BRIEF: In the entries that follow, the line with "USGS 1:24000-SCALE QUADRANGLE" opens the range and the line with "American Eagle Flying" closes it; repeat that range exactly, both lines included.

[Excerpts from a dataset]
-- -- --

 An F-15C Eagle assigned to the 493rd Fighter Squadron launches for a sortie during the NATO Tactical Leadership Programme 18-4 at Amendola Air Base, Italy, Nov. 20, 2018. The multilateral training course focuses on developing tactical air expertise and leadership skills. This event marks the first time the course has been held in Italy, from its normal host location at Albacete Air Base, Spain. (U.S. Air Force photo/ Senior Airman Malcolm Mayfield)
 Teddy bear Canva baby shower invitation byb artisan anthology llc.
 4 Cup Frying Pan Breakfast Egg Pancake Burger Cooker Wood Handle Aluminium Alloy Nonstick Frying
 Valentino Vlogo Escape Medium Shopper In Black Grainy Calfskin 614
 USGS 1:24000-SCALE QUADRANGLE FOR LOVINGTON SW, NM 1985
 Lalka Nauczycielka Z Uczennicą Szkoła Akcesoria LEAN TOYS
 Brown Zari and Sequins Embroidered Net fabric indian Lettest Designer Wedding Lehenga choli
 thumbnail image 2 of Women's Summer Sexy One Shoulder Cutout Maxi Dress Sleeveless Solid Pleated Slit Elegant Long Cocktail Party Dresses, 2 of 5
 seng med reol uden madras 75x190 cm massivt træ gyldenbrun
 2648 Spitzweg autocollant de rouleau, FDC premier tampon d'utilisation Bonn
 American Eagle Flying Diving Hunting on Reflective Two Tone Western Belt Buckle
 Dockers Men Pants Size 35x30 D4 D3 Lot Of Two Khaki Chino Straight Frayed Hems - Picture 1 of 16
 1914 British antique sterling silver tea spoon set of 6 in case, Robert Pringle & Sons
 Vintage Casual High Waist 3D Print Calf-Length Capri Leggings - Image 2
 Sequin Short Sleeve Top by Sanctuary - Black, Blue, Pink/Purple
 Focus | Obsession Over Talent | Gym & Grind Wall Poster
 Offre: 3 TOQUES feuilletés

-- -- --

ANSWER TO THE EXERCISE:
 USGS 1:24000-SCALE QUADRANGLE FOR LOVINGTON SW, NM 1985
 Lalka Nauczycielka Z Uczennicą Szkoła Akcesoria LEAN TOYS
 Brown Zari and Sequins Embroidered Net fabric indian Lettest Designer Wedding Lehenga choli
 thumbnail image 2 of Women's Summer Sexy One Shoulder Cutout Maxi Dress Sleeveless Solid Pleated Slit Elegant Long Cocktail Party Dresses, 2 of 5
 seng med reol uden madras 75x190 cm massivt træ gyldenbrun
 2648 Spitzweg autocollant de rouleau, FDC premier tampon d'utilisation Bonn
 American Eagle Flying Diving Hunting on Reflective Two Tone Western Belt Buckle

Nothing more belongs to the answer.